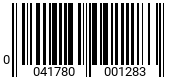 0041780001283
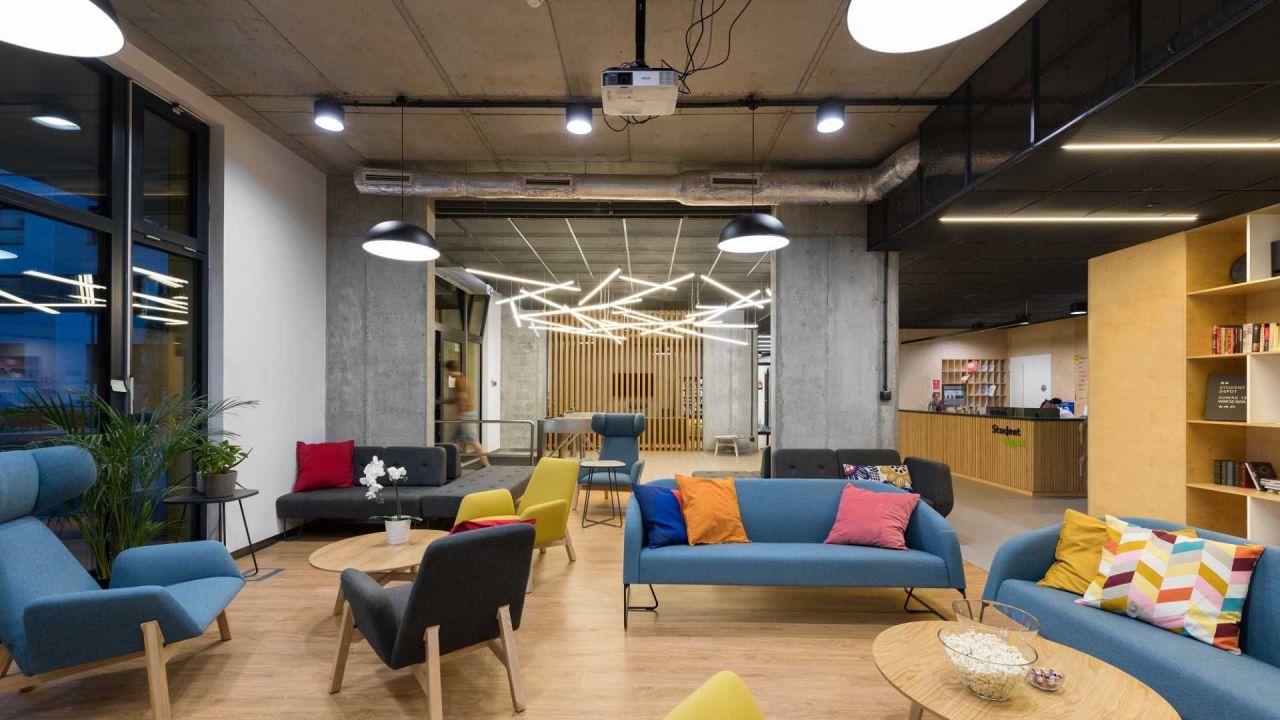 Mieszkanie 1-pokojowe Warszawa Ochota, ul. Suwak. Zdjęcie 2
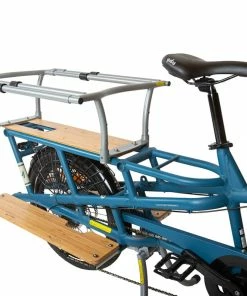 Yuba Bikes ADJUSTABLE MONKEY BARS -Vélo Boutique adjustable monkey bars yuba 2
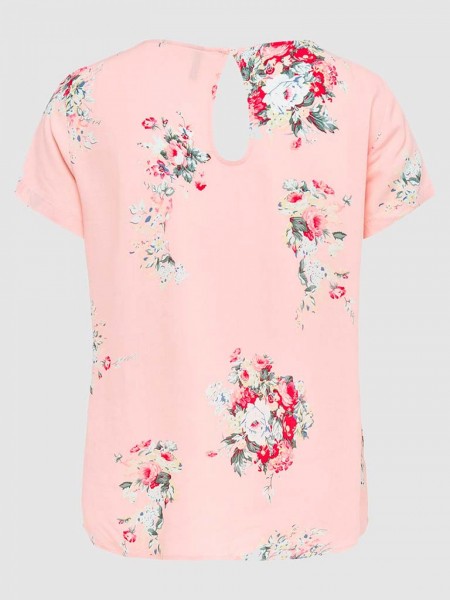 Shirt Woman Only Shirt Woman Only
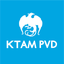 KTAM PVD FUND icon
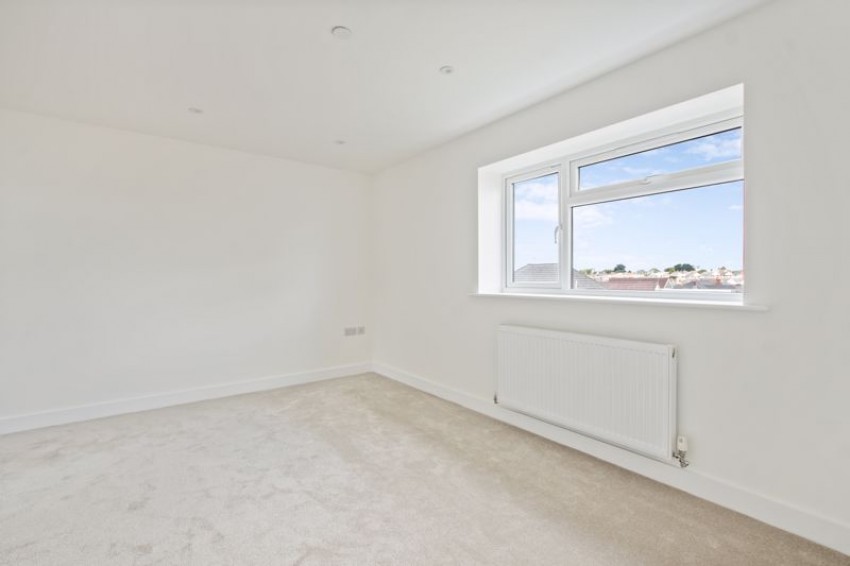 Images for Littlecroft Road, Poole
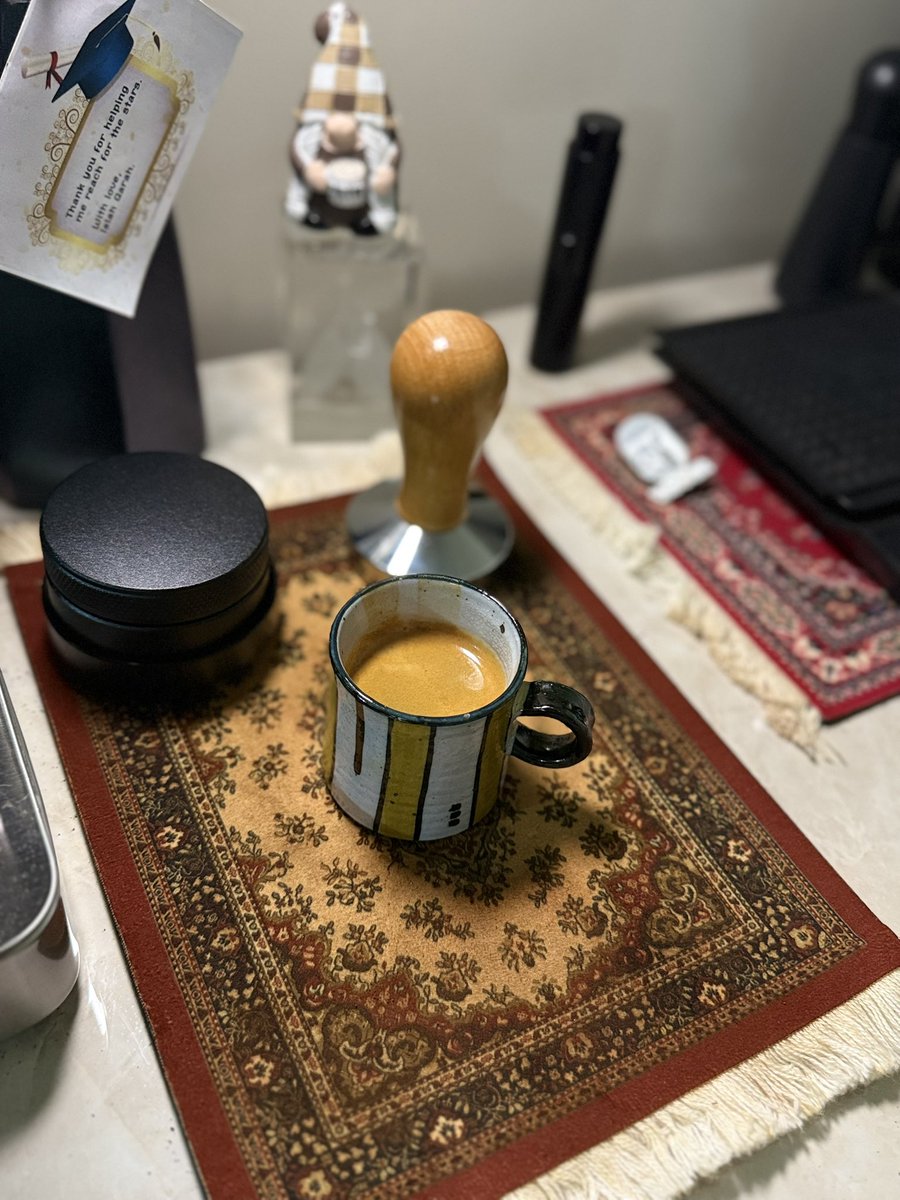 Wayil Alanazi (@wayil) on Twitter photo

:::::

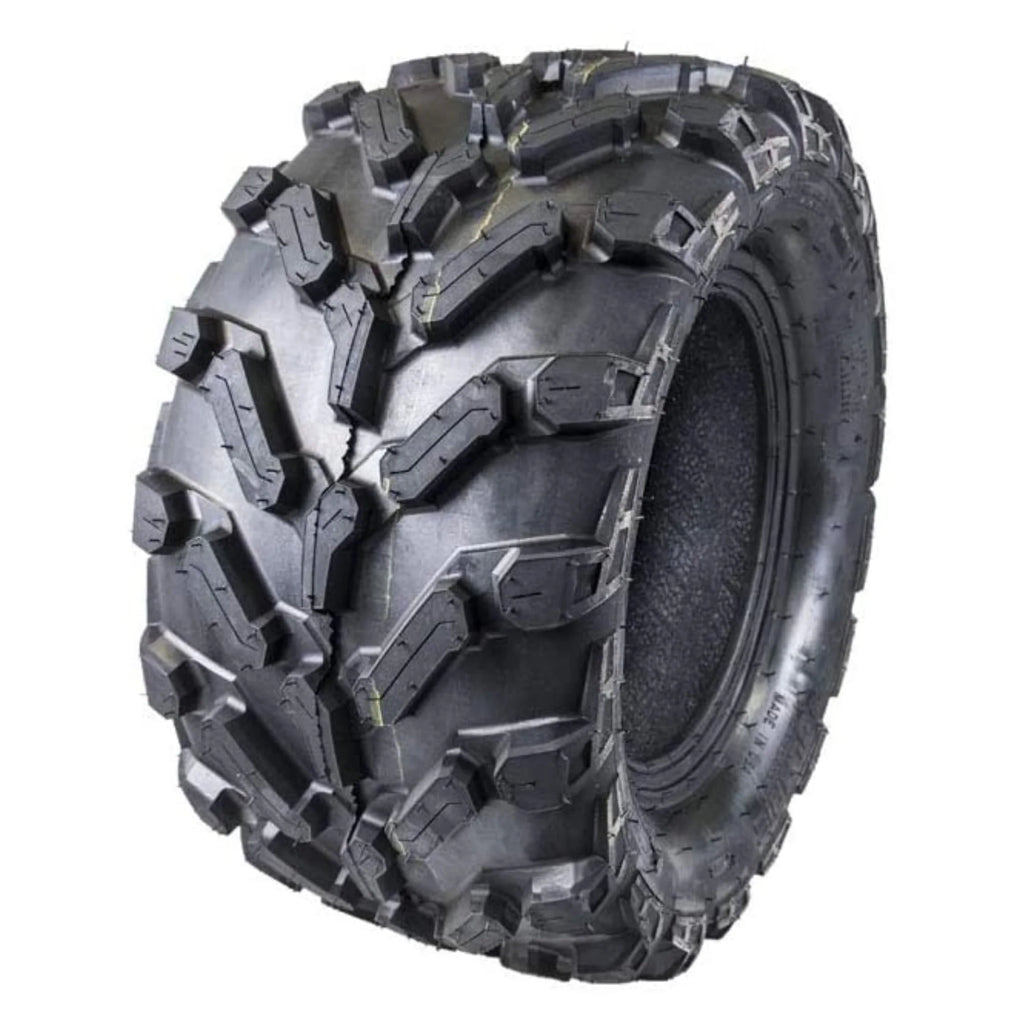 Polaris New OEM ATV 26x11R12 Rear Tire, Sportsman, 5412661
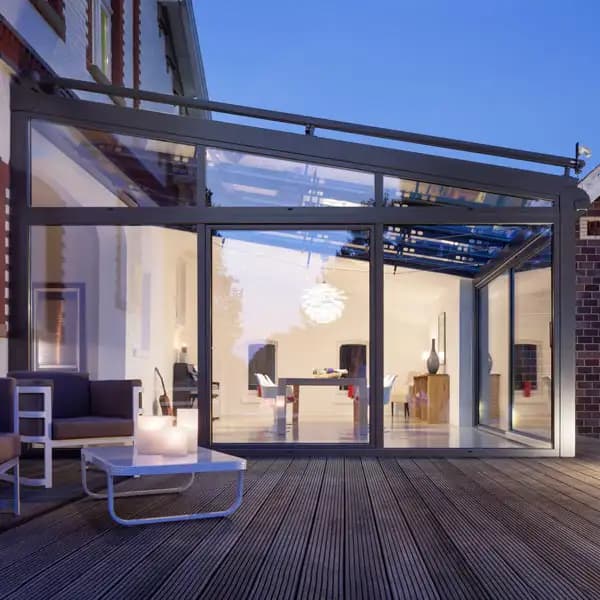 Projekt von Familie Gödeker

:::::

■ How to complete this task: In the entries above, find the line that contains "KTAM PVD FUND icon" and the line that contains "Wayil Alanazi (@wayil) on Twitter photo". Reproduce exactly those two lines and every line between them, but not the pictures.

■ Final answer:
 KTAM PVD FUND icon
 Images for Littlecroft Road, Poole
 Wayil Alanazi (@wayil) on Twitter photo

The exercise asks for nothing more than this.